◆ TASK GOAL
Taking the line with "v Citycentru Celje" as the first and the line with "Fantástica Casa Rural" as the last, set down the lines below exactly, pictures excluded.

◆ EXTRACTED RECORDS
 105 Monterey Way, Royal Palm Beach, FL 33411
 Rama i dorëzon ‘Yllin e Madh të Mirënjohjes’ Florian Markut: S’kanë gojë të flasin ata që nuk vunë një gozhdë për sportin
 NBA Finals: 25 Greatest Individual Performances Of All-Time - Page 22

--

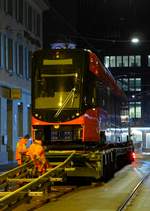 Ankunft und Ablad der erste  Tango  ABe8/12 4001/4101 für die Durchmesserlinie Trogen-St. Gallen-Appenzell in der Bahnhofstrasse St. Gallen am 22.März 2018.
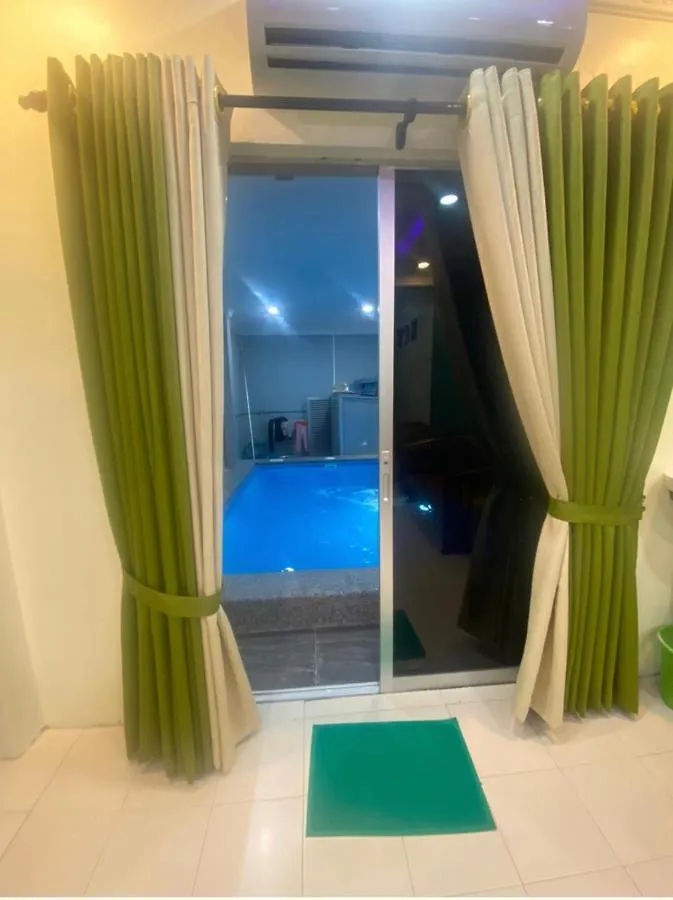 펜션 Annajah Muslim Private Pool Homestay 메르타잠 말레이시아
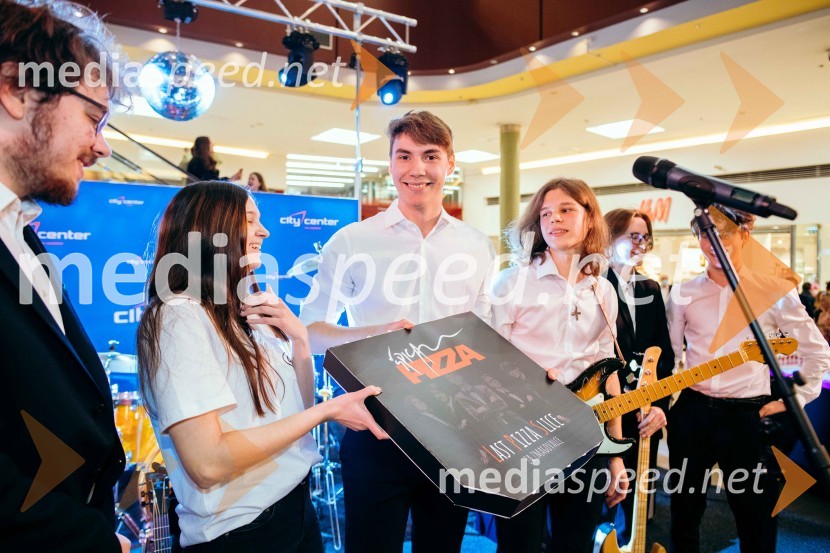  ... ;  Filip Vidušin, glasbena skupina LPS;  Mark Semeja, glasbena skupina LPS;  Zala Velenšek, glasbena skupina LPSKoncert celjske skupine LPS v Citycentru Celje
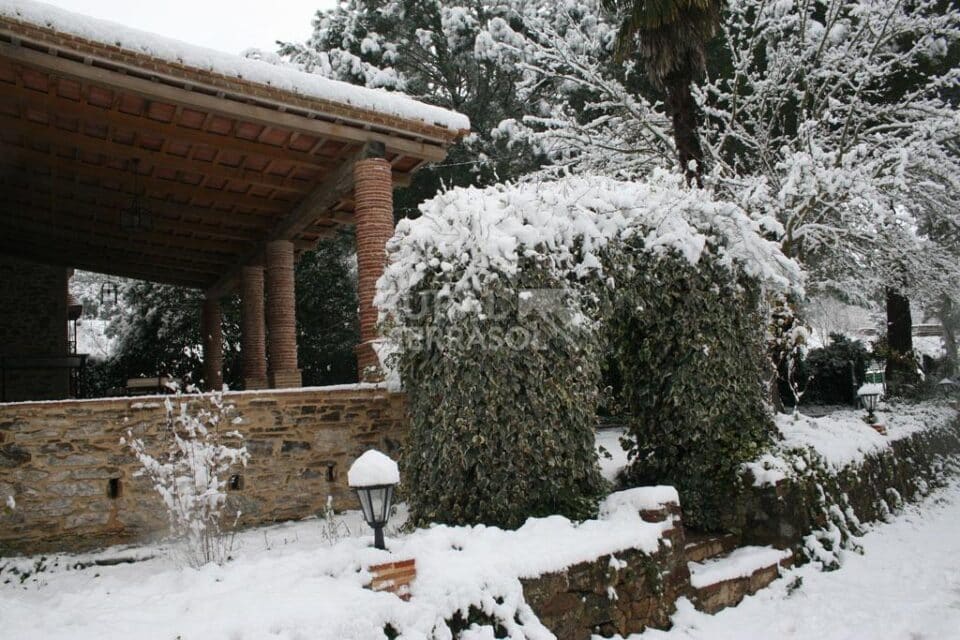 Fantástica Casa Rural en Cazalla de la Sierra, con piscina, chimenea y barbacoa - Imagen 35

◆ EXERCISE RESULT
  ... ;  Filip Vidušin, glasbena skupina LPS;  Mark Semeja, glasbena skupina LPS;  Zala Velenšek, glasbena skupina LPSKoncert celjske skupine LPS v Citycentru Celje
 Fantástica Casa Rural en Cazalla de la Sierra, con piscina, chimenea y barbacoa - Imagen 35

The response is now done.